SOFTWARE, WRIT LARGE
By Lani Luciano

(MONEY Magazine) – WHEN FAILING HEALTH forced journalist I.F. Stone, 80, to stop publication of his feisty political newsletter 17 years ago, he turned to a lifelong dream: He taught himself classical Greek so he'd be able to read Plato in the original. This led him gradually to an idea for a book about the trial of Socrates. By then, however, Stone's eyesight had deteriorated so badly that he couldn't see well enough to use a typewriter or ordinary personal computer. Fortunately, there was a high-tech solution. Stone wrote The Trial of Socrates (Little Brown, $18.95), a current bestseller, on an Apple Macintosh, whose MacWrite word-processing software provides big type -- up to a third of an inch high, compared with the usual one-eighth to one-sixth.
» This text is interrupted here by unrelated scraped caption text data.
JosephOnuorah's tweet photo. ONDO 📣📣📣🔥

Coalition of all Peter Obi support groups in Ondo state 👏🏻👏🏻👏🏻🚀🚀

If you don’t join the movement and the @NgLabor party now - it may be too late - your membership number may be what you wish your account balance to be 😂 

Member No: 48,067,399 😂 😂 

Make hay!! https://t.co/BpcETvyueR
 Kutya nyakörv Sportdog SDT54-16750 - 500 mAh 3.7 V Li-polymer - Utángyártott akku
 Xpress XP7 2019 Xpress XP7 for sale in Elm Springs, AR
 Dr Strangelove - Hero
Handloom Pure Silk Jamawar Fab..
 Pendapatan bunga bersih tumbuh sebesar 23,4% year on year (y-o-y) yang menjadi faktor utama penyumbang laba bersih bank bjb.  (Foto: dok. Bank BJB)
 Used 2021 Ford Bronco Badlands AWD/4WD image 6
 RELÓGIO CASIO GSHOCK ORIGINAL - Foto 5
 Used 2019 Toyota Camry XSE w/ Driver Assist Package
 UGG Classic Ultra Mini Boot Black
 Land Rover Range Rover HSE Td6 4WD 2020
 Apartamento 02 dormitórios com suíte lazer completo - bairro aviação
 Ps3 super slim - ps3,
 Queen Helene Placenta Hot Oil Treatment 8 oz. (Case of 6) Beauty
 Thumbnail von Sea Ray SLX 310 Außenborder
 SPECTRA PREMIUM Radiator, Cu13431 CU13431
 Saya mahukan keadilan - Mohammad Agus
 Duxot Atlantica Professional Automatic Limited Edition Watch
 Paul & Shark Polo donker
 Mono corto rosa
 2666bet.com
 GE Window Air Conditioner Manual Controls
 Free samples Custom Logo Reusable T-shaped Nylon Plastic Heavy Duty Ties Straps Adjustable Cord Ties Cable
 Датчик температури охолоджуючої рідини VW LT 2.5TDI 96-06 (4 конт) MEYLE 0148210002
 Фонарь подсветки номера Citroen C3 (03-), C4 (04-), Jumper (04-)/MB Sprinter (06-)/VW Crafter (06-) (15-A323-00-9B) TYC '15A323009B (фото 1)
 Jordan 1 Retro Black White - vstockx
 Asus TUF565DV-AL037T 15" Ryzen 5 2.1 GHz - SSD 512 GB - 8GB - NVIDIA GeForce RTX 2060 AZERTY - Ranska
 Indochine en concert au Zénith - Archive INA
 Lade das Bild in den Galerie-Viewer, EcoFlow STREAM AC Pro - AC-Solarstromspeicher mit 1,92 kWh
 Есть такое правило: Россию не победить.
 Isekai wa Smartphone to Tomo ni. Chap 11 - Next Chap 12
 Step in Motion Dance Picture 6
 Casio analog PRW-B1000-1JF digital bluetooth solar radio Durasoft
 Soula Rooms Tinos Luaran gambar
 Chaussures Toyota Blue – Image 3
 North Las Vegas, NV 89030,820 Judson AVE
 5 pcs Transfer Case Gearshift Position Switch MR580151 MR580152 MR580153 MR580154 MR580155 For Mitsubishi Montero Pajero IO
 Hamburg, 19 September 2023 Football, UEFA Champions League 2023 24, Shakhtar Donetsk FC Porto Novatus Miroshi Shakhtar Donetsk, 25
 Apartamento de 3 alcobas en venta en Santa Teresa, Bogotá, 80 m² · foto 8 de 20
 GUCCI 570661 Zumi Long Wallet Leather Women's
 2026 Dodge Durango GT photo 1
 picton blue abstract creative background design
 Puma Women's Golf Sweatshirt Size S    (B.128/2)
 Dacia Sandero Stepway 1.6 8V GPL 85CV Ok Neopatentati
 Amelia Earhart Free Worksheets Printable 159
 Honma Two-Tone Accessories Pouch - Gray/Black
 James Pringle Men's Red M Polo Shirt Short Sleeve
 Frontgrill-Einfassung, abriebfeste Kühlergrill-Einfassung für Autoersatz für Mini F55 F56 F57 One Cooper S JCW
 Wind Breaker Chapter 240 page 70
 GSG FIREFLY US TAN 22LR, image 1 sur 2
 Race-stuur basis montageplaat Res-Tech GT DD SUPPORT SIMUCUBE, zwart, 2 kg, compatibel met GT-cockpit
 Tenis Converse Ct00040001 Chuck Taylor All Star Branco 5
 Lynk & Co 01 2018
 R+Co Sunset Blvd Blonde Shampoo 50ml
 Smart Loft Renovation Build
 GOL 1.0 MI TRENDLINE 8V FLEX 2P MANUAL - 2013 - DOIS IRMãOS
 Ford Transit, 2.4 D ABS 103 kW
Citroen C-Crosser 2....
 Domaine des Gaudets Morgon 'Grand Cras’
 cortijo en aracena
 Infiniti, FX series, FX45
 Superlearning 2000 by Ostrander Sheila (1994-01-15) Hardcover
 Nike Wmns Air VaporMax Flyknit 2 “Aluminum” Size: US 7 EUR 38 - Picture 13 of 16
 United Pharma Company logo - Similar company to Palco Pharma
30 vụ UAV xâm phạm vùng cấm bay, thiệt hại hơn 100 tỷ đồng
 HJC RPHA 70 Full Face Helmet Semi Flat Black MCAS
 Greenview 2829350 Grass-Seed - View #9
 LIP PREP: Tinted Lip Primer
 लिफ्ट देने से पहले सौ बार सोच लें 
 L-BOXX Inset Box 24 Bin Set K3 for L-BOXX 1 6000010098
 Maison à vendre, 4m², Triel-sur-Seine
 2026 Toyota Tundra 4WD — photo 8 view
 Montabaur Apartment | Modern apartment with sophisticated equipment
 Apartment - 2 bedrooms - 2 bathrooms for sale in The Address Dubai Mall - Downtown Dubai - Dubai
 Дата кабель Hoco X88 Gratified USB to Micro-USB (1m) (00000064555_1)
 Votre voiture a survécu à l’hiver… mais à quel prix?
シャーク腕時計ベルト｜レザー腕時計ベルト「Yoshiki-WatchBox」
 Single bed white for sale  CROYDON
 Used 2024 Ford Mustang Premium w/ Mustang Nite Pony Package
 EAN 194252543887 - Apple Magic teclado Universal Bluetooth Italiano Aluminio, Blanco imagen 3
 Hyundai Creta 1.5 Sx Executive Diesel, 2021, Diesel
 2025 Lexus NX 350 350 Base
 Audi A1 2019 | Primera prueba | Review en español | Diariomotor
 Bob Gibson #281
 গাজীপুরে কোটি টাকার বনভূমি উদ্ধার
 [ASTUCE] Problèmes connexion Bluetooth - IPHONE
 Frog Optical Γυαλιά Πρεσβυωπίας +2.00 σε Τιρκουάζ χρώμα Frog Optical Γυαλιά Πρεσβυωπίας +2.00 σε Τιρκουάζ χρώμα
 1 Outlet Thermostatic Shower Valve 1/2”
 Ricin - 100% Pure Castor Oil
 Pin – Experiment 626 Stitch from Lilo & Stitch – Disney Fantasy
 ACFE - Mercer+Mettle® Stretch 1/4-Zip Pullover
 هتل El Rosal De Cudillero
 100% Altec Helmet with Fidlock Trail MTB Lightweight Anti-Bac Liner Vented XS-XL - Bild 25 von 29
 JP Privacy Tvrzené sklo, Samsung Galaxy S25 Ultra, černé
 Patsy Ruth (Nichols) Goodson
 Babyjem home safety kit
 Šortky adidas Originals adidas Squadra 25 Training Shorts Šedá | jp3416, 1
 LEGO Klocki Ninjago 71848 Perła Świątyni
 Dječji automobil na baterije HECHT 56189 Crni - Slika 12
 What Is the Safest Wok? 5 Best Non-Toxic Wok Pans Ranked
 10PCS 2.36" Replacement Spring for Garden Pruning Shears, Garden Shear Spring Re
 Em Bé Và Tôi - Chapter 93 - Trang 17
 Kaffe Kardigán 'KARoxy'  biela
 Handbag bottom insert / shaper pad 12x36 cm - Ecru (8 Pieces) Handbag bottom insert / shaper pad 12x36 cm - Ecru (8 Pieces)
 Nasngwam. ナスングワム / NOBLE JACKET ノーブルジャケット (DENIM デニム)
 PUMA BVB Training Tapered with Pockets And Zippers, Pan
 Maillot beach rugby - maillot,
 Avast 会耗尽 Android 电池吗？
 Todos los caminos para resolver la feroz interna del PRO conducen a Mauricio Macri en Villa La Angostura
The National Association for the Visually Handicapped, an advocacy group, recommends these additional high-tech helpers: -- Closed-circuit TVs ($2,600 to $3,500) made by VTEK (213-452-5966) and Telesensory Systems (415-960-0960) that enlarge text size on a computer screen up to 60 times. -- Telesensory Systems also makes the Vista System, a screen-and-software package ($1,995) that enlarges type three to 16 times and is compatible with IBM PCs.